Two years, and we had finally made good on our word, and we were back. Our old rooms were clean and ready for us. There was a white orchid in a pot in my window, just like before. I knew it was a new orchid because I had killed the one that was there during my stay. I had trouble finding things in the fridge. I expected Ishøj and Denmark to fall back into my hands easily, like molded clay I had put down and picked back up, with my finger imprints already in it.
It’s interesting how anything feels strange after being away for any long period of time. I have felt it when returning to college after summer break or returning to my house after a long semester. I feel it when I get nervous to see family members after a year apart. Returning isn’t always comfortable or familiar, even when you’re returning to what was once comfortable and familiar — perhaps especially when you’re returning to what was once comfortable and familiar, because you feel the difference more strongly.
During our 10-day trip to Denmark, Kayleigh and I visited Copenhagen twice. We walked down our old school street Vestergade and I saw the bagel shop where once a man in a full business suit lay on the ground to reach a coin I had dropped under the counter. I looked for the bar where I had accidentally ordered a drink that cost $35; it was gone. The Chinese food takeout stand was still there. One of my old classrooms was next door to a strip club that displayed a large poster of a mostly naked woman, who had changed into a different mostly naked woman. In the afternoon, Kayleigh and I parted ways for a while. When it was time to go home, I decided to walk back to the train station on my old route down Nørregade, past the church and the Irish pub and the knick-knack shop.
How odd it is for a place to still feel like home, to still feel familiar, and yet no longer feel like it belongs to you anymore. Now that I didn’t live here, I felt reduced to a tourist, a visitor passing through. I felt simultaneously close and distant to these streets and corners that I had once loved and yet no longer walked each day. Perhaps it was because they didn’t recognize me anymore. It wasn’t that I couldn’t recognize them, but that they no longer knew me.

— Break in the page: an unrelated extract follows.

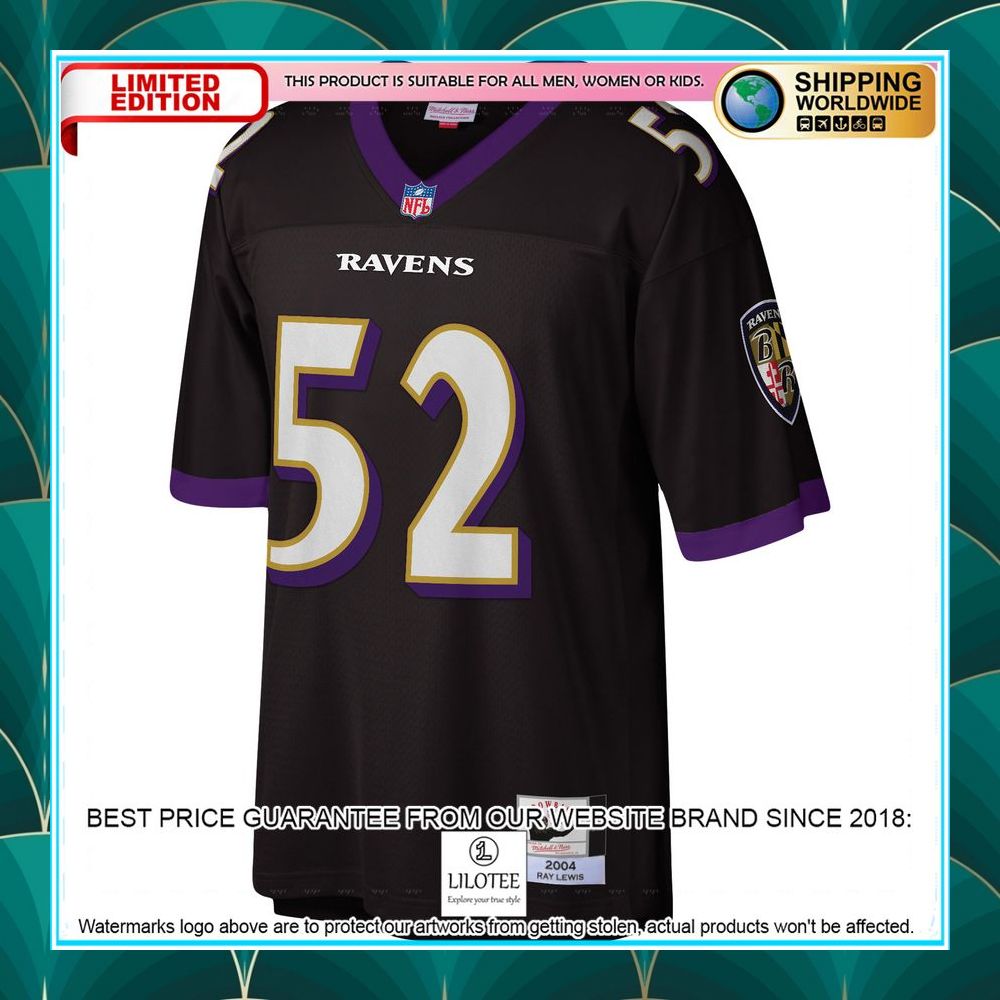 ray lewis baltimore ravens mitchell ness legacy replica black football jersey 2 39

On my last night in Denmark, I visit Tivoli with my former host parents, Marianne and Claus Koch, and my friend Kayleigh. Tivoli might be described as an amusement park or shopping market or garden because it has all of these things. It reminds me of Disney world. The rides aren’t metal and garish; they’re beautiful, themed, quaint. One of the world’s oldest roller coasters, made of wood, flies up and down a snow-covered mountain the size of a two-story building. You walk a few steps farther and you’re crossing a winding bridge over a small body of water. A Japanese pagoda glows in the dark on one side; a life-sized pirate ship rests on the other. Sculpture swans rest atop the water. You walk by a kissing booth. It’s Christmas, so there’s a giant Christmas tree draped in Swarovski crystals, of course, sitting in front of a faux palace. Vendors sell hot chocolate and mittens and ornaments. Claus buys mulled wine. We warm our hands over a can of burning embers. I don’t yet think much about having children, but two years ago, Tivoli was the first place that I thought, in a thought so clear it was if I had said it aloud, “I want to bring my kids here someday.”
Two years now, and Marianne, Claus, Kayleigh, and I are right back where we started: family. I see our two-year-old ghosts sitting by the food truck eating pølser. And I stand in this strange but increasingly comfortable place, with the past running to catch up with the present, feeling my life in Denmark seep back into my blood after having forgotten what it felt like. We all take many different ships going where we’re going. It was nice to be back on this one.